This homework will have a little bit more programming than before, but also some discussion. Write up any written answers in a text file called hw2.txt. You'll complete the given program (just follow the instructions below), and zip up any files you changed or created into an archived named YOURUSERNAME-hw2.zip. Turn it in on OnCourse, under "hw2".
As mentioned before, feel free to discuss with your friends and classmates! Just make sure all the code and text you turn in was typed by you. If you get substantial ideas from people or online sources, make sure to cite your sources! (this is good not just for honesty's sake, but it helps me know about good sources in the future; maybe we can share them)

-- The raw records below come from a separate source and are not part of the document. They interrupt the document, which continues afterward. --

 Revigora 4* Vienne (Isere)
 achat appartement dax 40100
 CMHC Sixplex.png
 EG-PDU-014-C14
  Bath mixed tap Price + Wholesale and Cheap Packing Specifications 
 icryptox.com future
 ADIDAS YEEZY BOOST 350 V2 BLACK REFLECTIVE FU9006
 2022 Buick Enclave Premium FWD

For this homework, you're given three small data sets to start to make sure we can implement a simple classifier. They're all from the UCI Machine Learning repository, but I've modified them slightly to make sure they work with our code. These are in the datasets directory, and they have already been split into training and test portions, so you can evaluate how well the classifier works. Importantly, your code won't be able to get all the answers right, and that's to be expected! My version gets 1 flower, 3 congresspeople, and 16 scale problems wrong. Yours will probably do about the same, if your code works right!
Run the classifier like this:
$ python3 naivebayes.py datasets/house-votes-84.train datasets/house-votes-84.test
Get the starter code and data here.
In naivebayes.py, finish up the places marked TODO in the train function. The goal of the train function is that it learns the probability distribution over the different classes (how often did each class happen?), and the conditional probability distribution for each value for each feature, given a particular class. For example: if we're trying to classify congresspeople into parties, given that we already know a congressperson is a Democrat, what's the probability that they voted "yes" on a certain issue?

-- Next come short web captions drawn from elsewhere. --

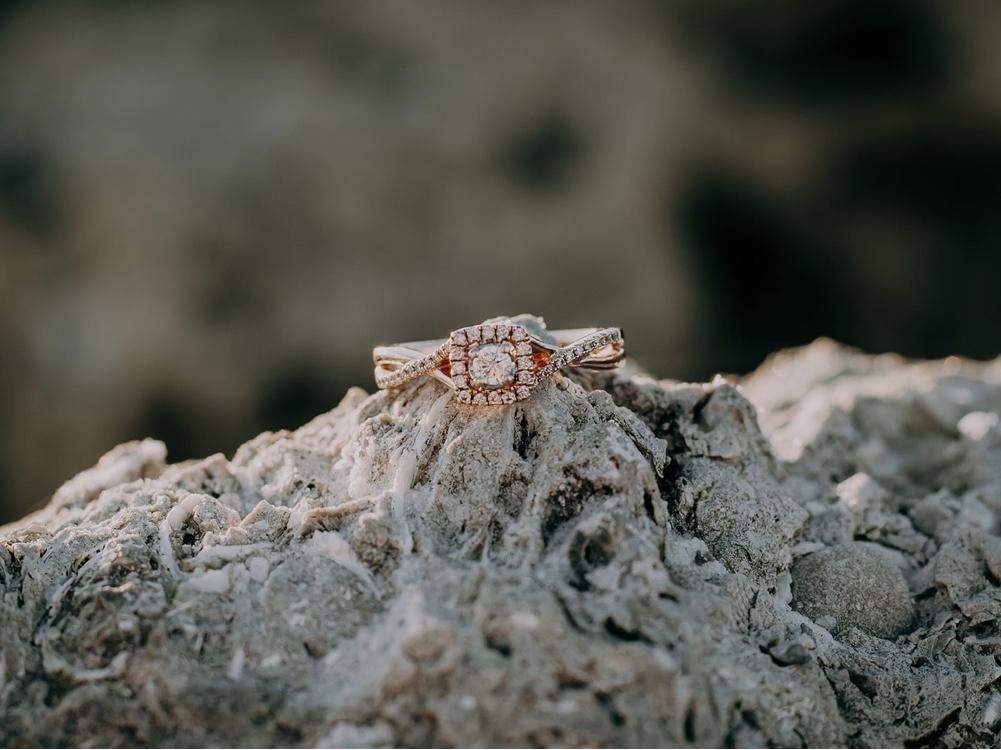 The Wedding Website of Rachel Vincent and Joseph Cozart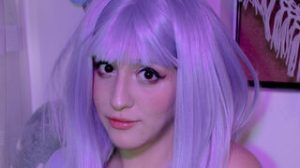 LauLavender preview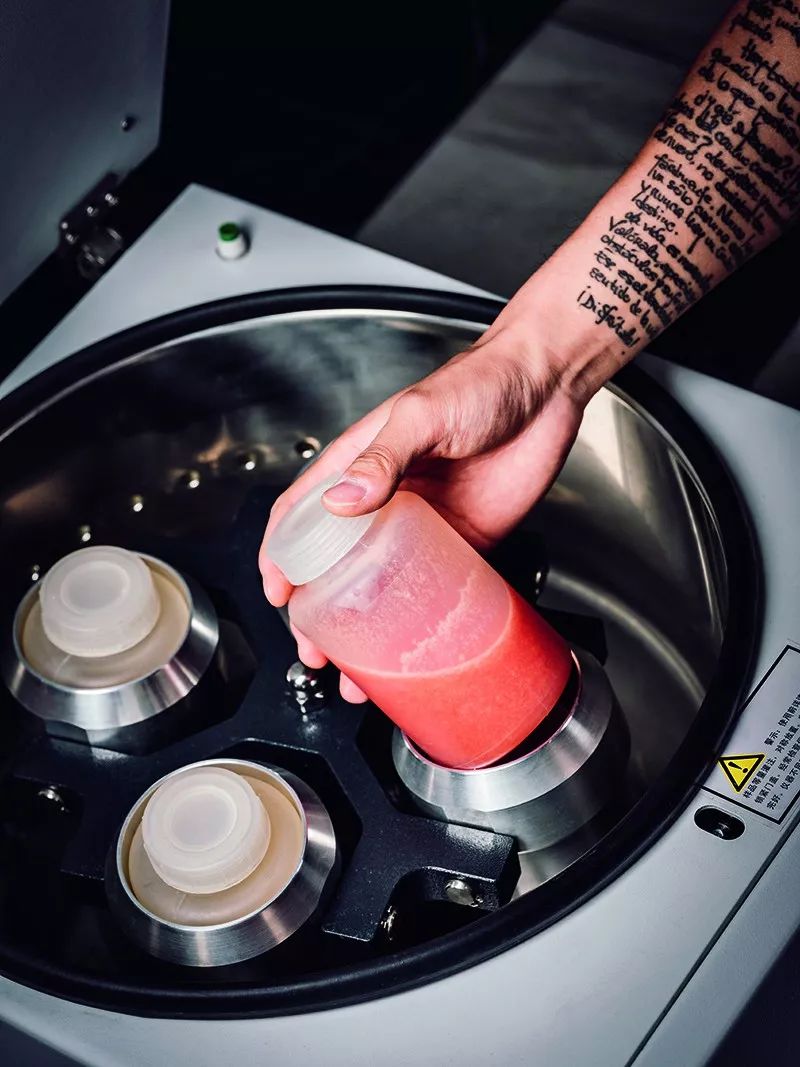 调酒师的终极成就,顶级调酒师揭露鸡尾酒的秘密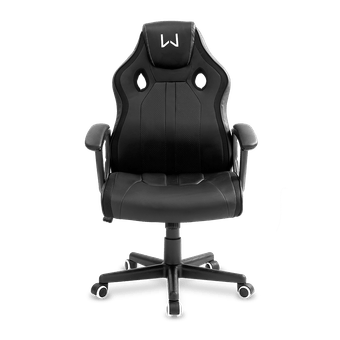 Cadeira Gamer  Warrior Karna Reclinável - GA201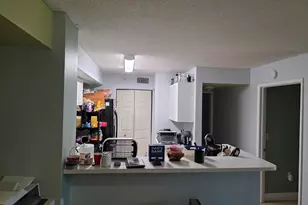 7824 Sonoma Springs Cir, Lake Worth, FL 33463 - Photo 13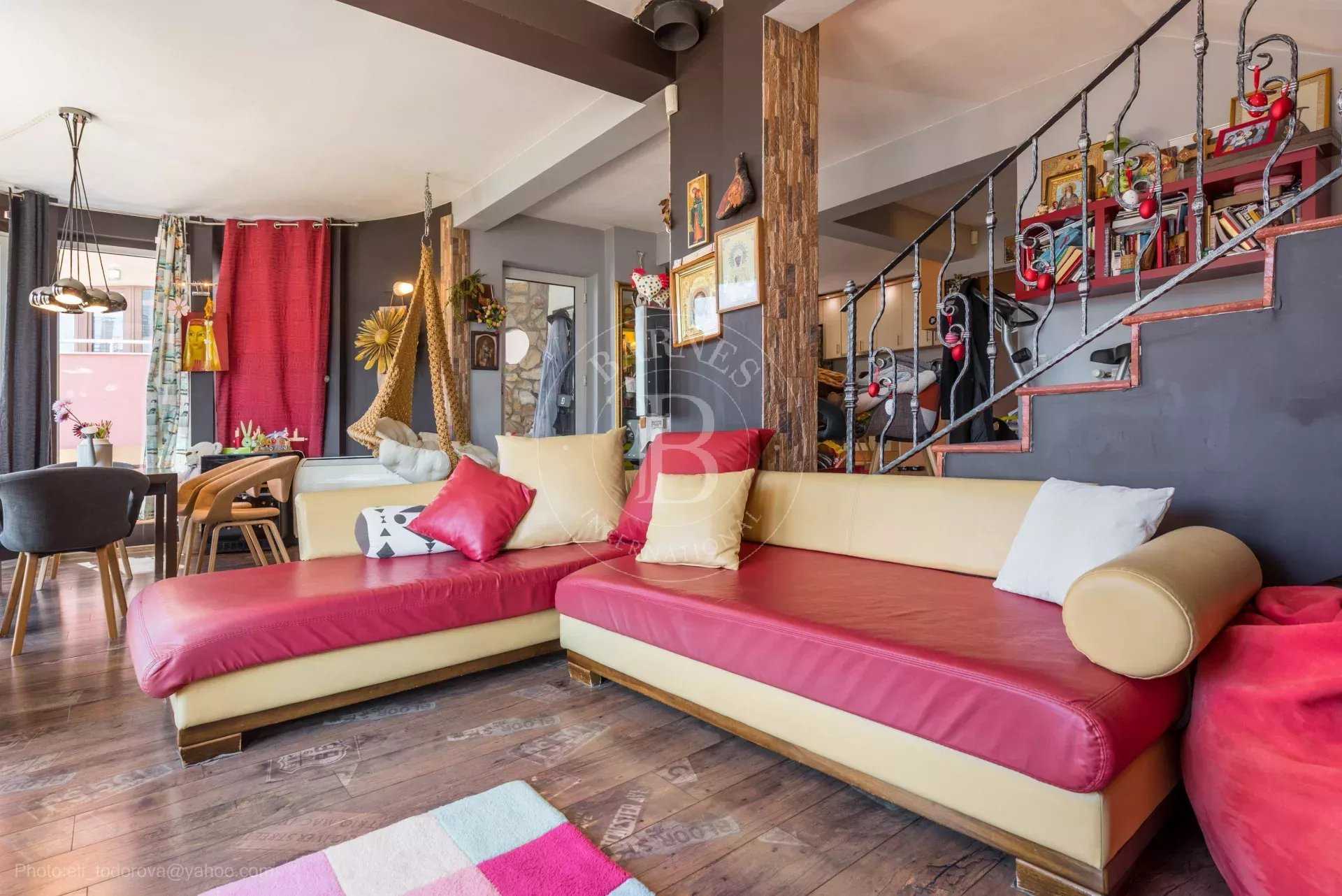 Comercio Sveti Vlas  -  ref 82433326 (picture 2)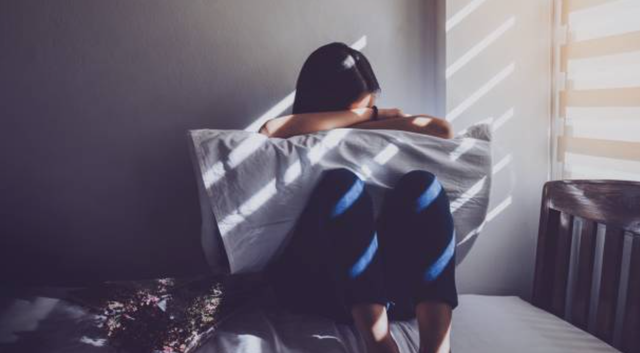 Kinh nghiệm xương máu từ một phụ nữ đã ly hôn - 1 Kinh nghiệm xương máu từ một phụ nữ đã ly hôn - 1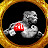 Mike Tyson UFC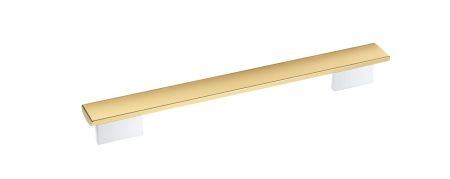 DS 6000 Ручка GOLD BRWS бриллиантовый белый Miele купить в Кемерове | Всегда в наличии! | Артикул 09823220 | Официальный сайт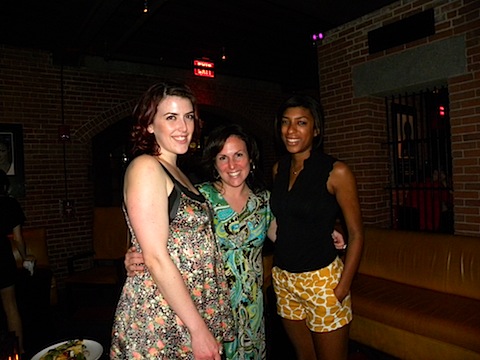 DSCN3651.JPG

Once this is working, you should be able to inspect the conditional probabilities: just print them out at the appropriate place in the code. I recommend testing this on the house-votes-84 dataset, since it's just a two-way classification. Maybe you'll find that some of the votes were very polarizing?

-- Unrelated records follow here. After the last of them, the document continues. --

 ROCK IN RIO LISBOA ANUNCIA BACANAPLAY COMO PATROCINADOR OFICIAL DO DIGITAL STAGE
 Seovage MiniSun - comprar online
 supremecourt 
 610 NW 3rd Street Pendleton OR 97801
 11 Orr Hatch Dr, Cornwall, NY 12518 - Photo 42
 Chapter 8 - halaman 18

Finish up the classify function in naivebayes.py. It should return the most probable class for a given instance, making use of the class prior probabilities and conditional probabilities computed earlier in train.
In hw2.txt tell us how well your classifier does on the three data sets. Importantly: if it does better on some of the problems than others, why do you think that is? Can you imagine ways to improve accuracy on the problem that your classifier has trouble with? Is the problem inherently hard, or is the classifier just missing the point? How could you help it?